• **Assignment**
Output nothing but the lines from the beginning of the listing below through the line containing "Hey everybody, this", exactly as they stand, without pictures.

*** Opening of Collected material ***

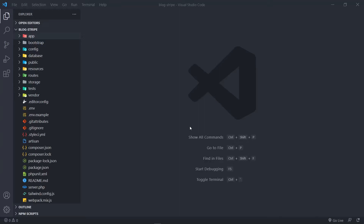Hi everyone. So what we're going to be doing in this one is we're going to create a user policy and actually map the user class to their policy — in other terms, register the policy.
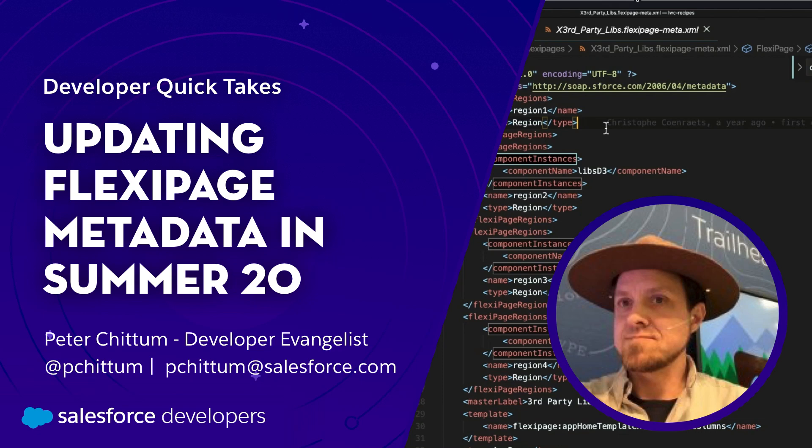Hey everybody, this is Peter Chittum, and I just wanted to give you a quick take on this new update to metadata that's happening in the Summer 20 release.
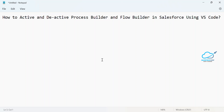Hello everyone, welcome back to my YouTube channel Salesforce Hunt. This is Rohit, and today I'm going to show you how to activate and deactivate Process Builder and Flow in Salesforce using VS Code.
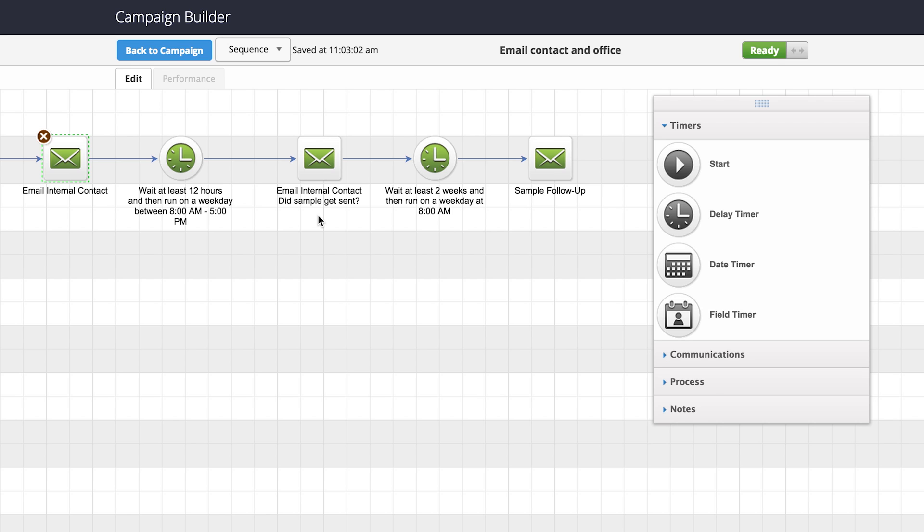Make sure today it gets done. Then we wait two more weeks and send another email to our internal staff to say, hey, if you haven't heard from that customer, give them a call — see if they received the sample, see if they love it, see if there's anything else we can do for them.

*** Close of Collected material ***

• **Reply to the task**
Hi everyone. So what we're going to be doing in this one is we're going to create a user policy and actually map the user class to their policy — in other terms, register the policy.
Hey everybody, this is Peter Chittum, and I just wanted to give you a quick take on this new update to metadata that's happening in the Summer 20 release.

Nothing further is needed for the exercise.